** Information supplied follows **

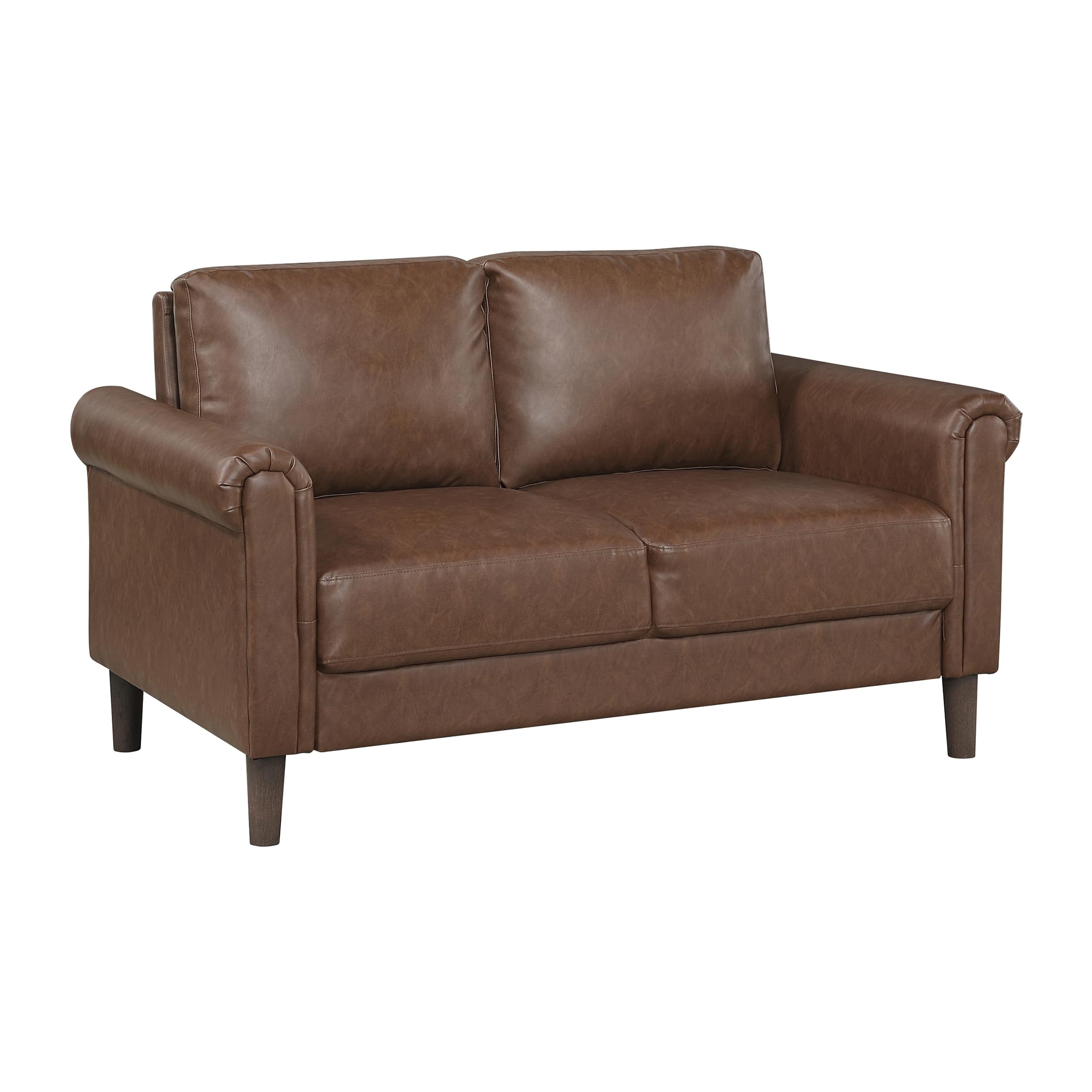 57" W Faux Leather Loveseat Sofa, Upholstered 2-Seater Couch with Rolled Armrest & Wood-Look Feet, Traditional Small Space Living Room, Office or Waiting Room Seating - Chocolate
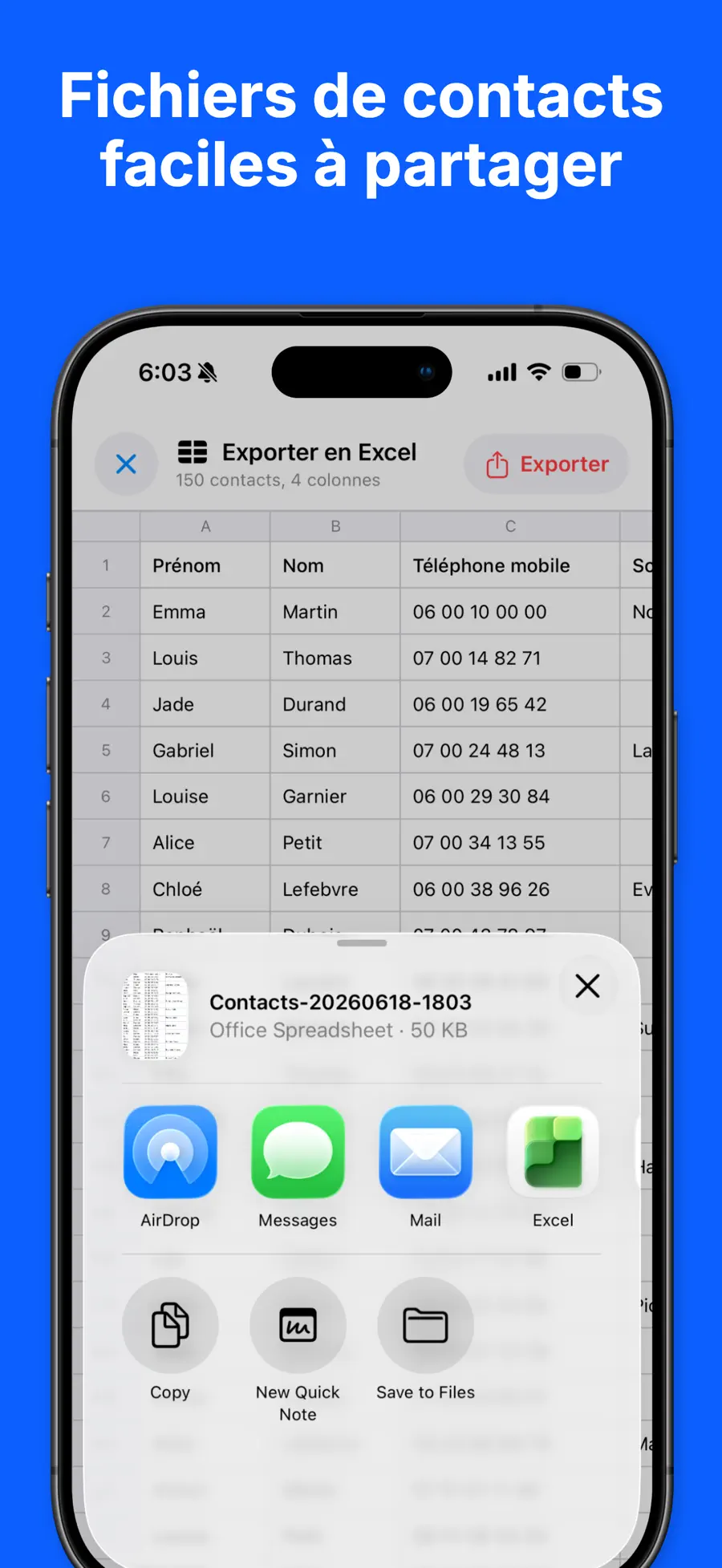 Contacts Backup & Transfer sur iPhone avec les contacts prêts à être exportés vers Excel, CSV, PDF ou vCard (5/6)
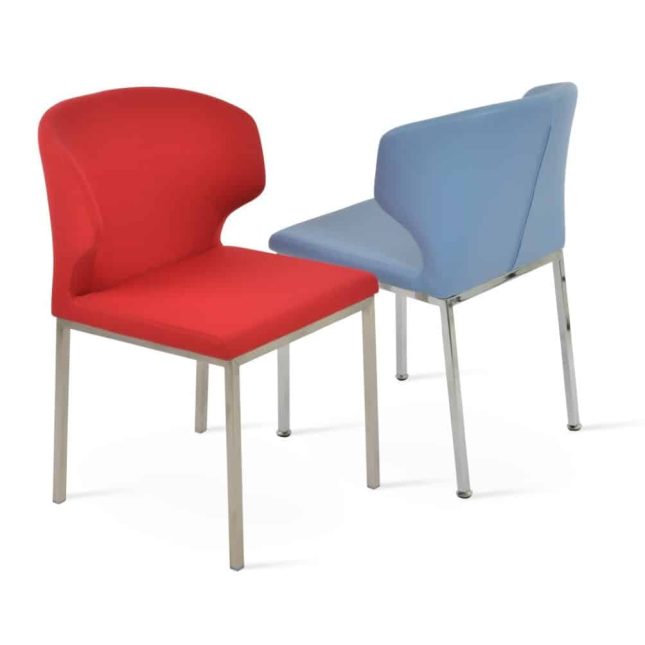 AMED METAL SS DINING SEAT LEATHERETTE F SOFT BLUE CHAIR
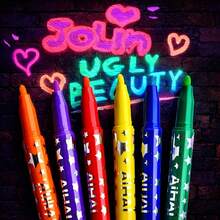 6/4/1 Set Fluorescent Highlighter Pens, Glow-In-The-Dark Fluorescent Color Marker Pens, Suitable For Painting, Journaling, Poster Making, DIY Crafts, Scrapbooking And Art Supplies, Essential Back To School Items - Sets - View 6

** End of Information supplied **

About this task: Your answer should hold only the lines from the one with "Contacts Backup &" through the final line of the listing above, transcribed exactly and without pictures.

Answer for the task:
 Contacts Backup & Transfer sur iPhone avec les contacts prêts à être exportés vers Excel, CSV, PDF ou vCard (5/6)
 AMED METAL SS DINING SEAT LEATHERETTE F SOFT BLUE CHAIR
 6/4/1 Set Fluorescent Highlighter Pens, Glow-In-The-Dark Fluorescent Color Marker Pens, Suitable For Painting, Journaling, Poster Making, DIY Crafts, Scrapbooking And Art Supplies, Essential Back To School Items - Sets - View 6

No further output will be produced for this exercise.